### Problem details
Copy the records word for word. Pictures do not go in.

### Study material
···

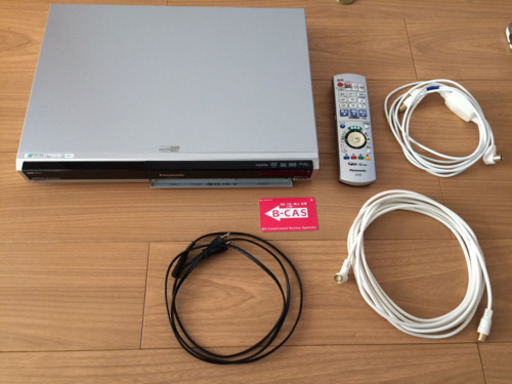 【Panasonic】HDD搭載ハイビジョンDVDレコーダー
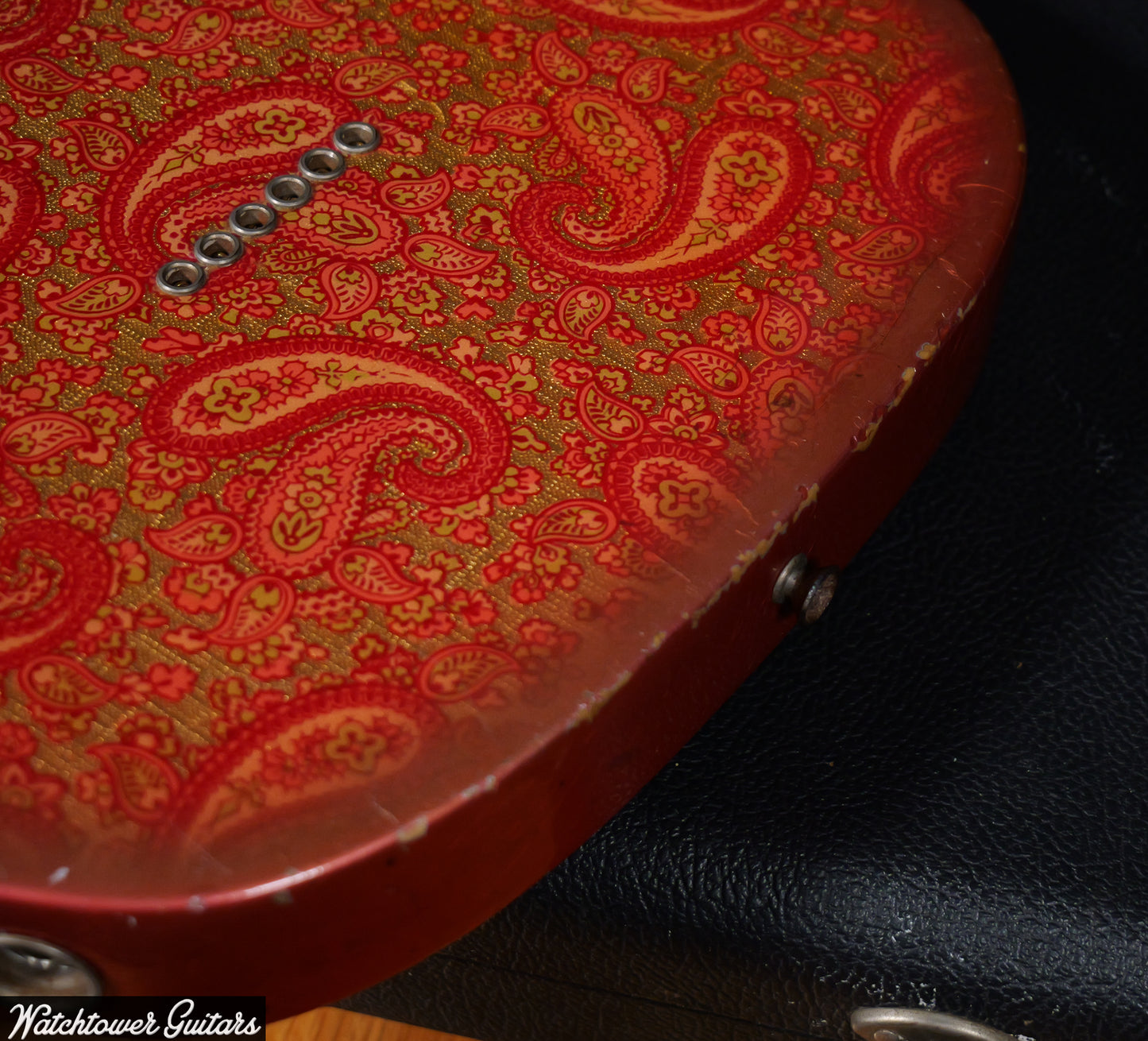 1968 Fender Telecaster Paisley
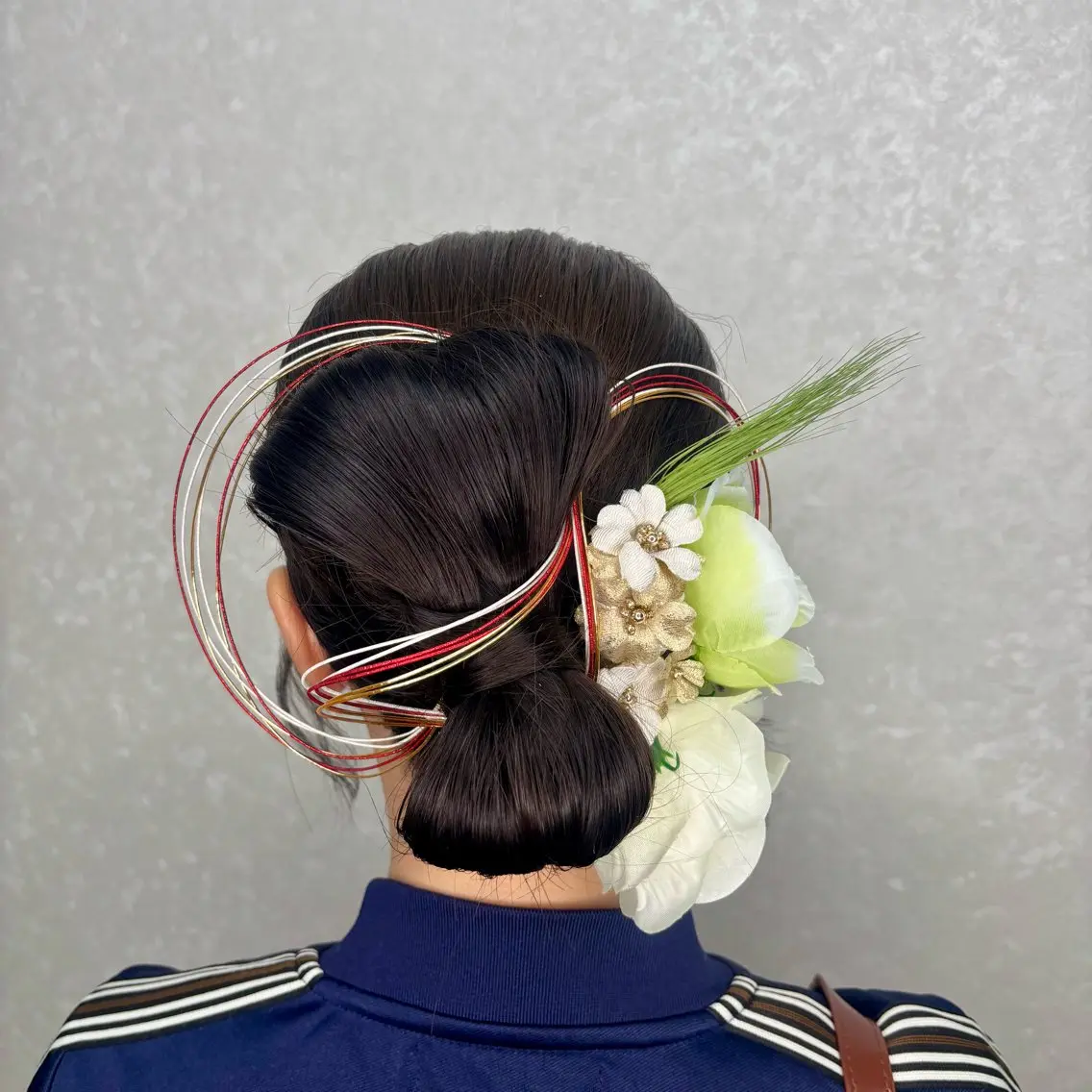 《ヘアセット》 🪄推し活 ・ 💍🕊️お呼ばれヘアアレンジ🐼✨🎼.•*¨*🌟の写真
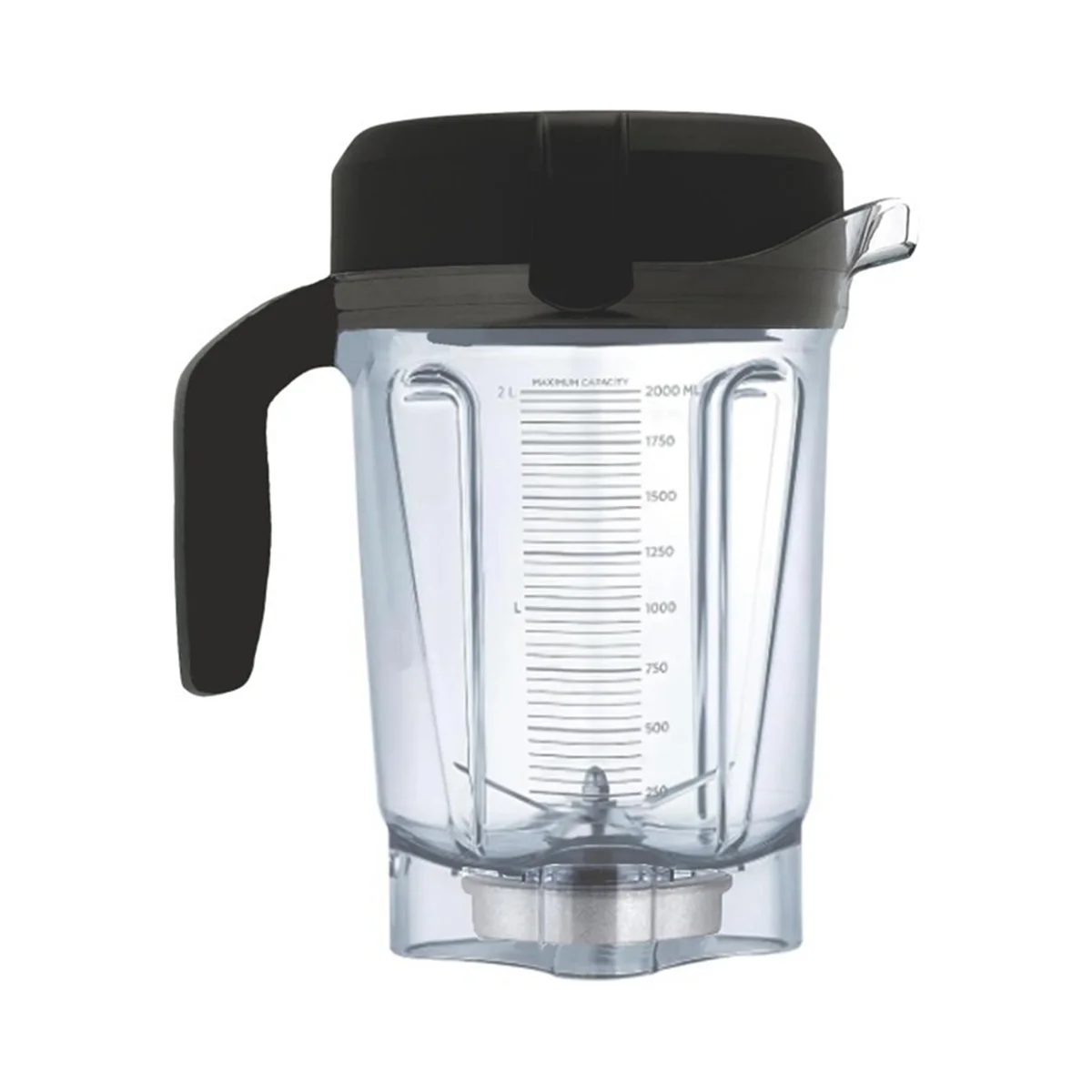 Untuk Teko Blender 64Oz Pengganti Profil Rendah untuk Cangkir Toples Kontainer 750 5300 dengan Tutup &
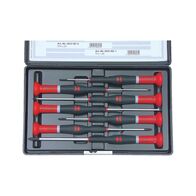 Precision Screwdriver Set | 7 Pieces | Slotted & Phillips | Soft-Grip Handle | by Wurth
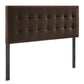 Lily Stain-Resistant Performance Velvet King Size Headboard by Modway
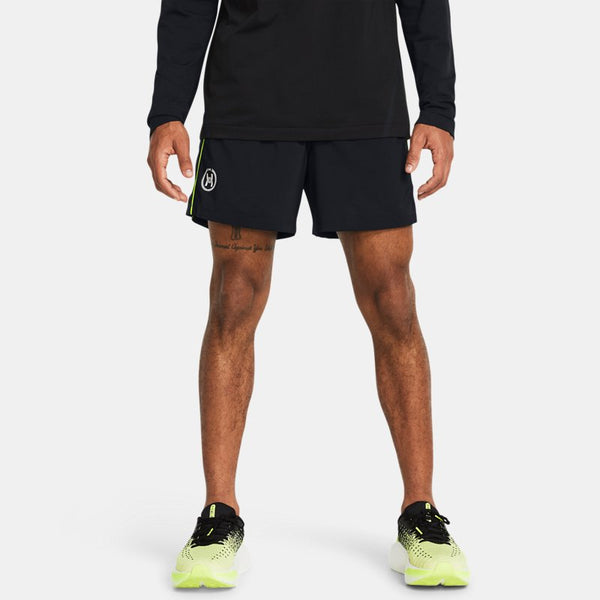 Under Armour Launch " Shorts Black Midnight Navy White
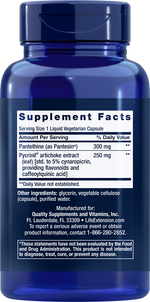 CHOL-Support™ 60 liquid capsules Life Extension - Nutrigeek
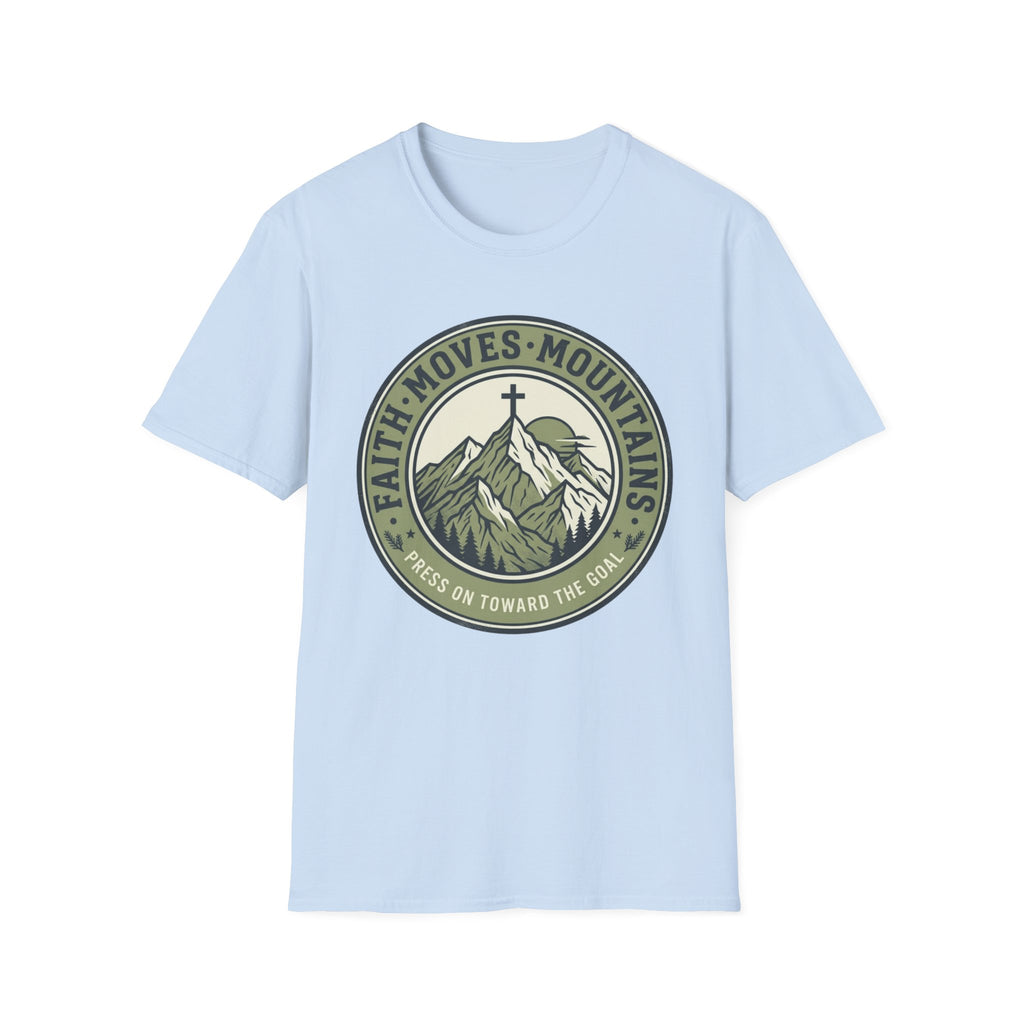 Faith Moves Mountains 3 T-Shirt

···

### Finished task
 【Panasonic】HDD搭載ハイビジョンDVDレコーダー
 1968 Fender Telecaster Paisley
 《ヘアセット》 🪄推し活 ・ 💍🕊️お呼ばれヘアアレンジ🐼✨🎼.•*¨*🌟の写真
 Untuk Teko Blender 64Oz Pengganti Profil Rendah untuk Cangkir Toples Kontainer 750 5300 dengan Tutup &
 Precision Screwdriver Set | 7 Pieces | Slotted & Phillips | Soft-Grip Handle | by Wurth
 Lily Stain-Resistant Performance Velvet King Size Headboard by Modway
 Under Armour Launch " Shorts Black Midnight Navy White
 CHOL-Support™ 60 liquid capsules Life Extension - Nutrigeek
 Faith Moves Mountains 3 T-Shirt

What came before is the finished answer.